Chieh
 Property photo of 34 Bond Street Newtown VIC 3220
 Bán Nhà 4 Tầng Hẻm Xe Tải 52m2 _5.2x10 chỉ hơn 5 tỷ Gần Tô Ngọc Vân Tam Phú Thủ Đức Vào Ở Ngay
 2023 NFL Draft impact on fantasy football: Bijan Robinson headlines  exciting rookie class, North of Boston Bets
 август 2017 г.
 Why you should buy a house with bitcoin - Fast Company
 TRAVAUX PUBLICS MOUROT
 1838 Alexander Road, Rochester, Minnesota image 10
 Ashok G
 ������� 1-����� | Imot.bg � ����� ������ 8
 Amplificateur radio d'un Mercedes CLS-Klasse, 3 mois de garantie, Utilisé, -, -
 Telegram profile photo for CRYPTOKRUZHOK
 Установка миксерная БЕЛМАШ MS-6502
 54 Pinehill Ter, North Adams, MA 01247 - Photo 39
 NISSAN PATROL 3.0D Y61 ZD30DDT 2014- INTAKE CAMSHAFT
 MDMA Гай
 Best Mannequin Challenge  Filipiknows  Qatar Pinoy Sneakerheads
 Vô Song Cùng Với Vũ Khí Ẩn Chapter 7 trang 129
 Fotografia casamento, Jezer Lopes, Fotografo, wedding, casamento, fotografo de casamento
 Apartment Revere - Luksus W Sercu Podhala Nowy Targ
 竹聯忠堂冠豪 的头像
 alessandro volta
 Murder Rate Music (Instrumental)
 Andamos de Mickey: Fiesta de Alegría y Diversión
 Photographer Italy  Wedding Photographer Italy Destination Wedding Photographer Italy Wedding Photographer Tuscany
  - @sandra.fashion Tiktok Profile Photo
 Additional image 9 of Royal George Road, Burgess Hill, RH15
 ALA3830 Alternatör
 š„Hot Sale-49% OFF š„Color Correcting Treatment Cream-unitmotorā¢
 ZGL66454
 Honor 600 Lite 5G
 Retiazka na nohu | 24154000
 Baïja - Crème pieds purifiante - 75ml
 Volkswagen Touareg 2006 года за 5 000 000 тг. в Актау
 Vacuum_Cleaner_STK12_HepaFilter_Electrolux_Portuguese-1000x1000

TASK DETAILS
Retype every entry exactly as it stands.

RESULT FOR THIS EXERCISE
Chieh
 Property photo of 34 Bond Street Newtown VIC 3220
 Bán Nhà 4 Tầng Hẻm Xe Tải 52m2 _5.2x10 chỉ hơn 5 tỷ Gần Tô Ngọc Vân Tam Phú Thủ Đức Vào Ở Ngay
 2023 NFL Draft impact on fantasy football: Bijan Robinson headlines  exciting rookie class, North of Boston Bets
 август 2017 г.
 Why you should buy a house with bitcoin - Fast Company
 TRAVAUX PUBLICS MOUROT
 1838 Alexander Road, Rochester, Minnesota image 10
 Ashok G
 ������� 1-����� | Imot.bg � ����� ������ 8
 Amplificateur radio d'un Mercedes CLS-Klasse, 3 mois de garantie, Utilisé, -, -
 Telegram profile photo for CRYPTOKRUZHOK
 Установка миксерная БЕЛМАШ MS-6502
 54 Pinehill Ter, North Adams, MA 01247 - Photo 39
 NISSAN PATROL 3.0D Y61 ZD30DDT 2014- INTAKE CAMSHAFT
 MDMA Гай
 Best Mannequin Challenge  Filipiknows  Qatar Pinoy Sneakerheads
 Vô Song Cùng Với Vũ Khí Ẩn Chapter 7 trang 129
 Fotografia casamento, Jezer Lopes, Fotografo, wedding, casamento, fotografo de casamento
 Apartment Revere - Luksus W Sercu Podhala Nowy Targ
 竹聯忠堂冠豪 的头像
 alessandro volta
 Murder Rate Music (Instrumental)
 Andamos de Mickey: Fiesta de Alegría y Diversión
 Photographer Italy  Wedding Photographer Italy Destination Wedding Photographer Italy Wedding Photographer Tuscany
  - @sandra.fashion Tiktok Profile Photo
 Additional image 9 of Royal George Road, Burgess Hill, RH15
 ALA3830 Alternatör
 š„Hot Sale-49% OFF š„Color Correcting Treatment Cream-unitmotorā¢
 ZGL66454
 Honor 600 Lite 5G
 Retiazka na nohu | 24154000
 Baïja - Crème pieds purifiante - 75ml
 Volkswagen Touareg 2006 года за 5 000 000 тг. в Актау
 Vacuum_Cleaner_STK12_HepaFilter_Electrolux_Portuguese-1000x1000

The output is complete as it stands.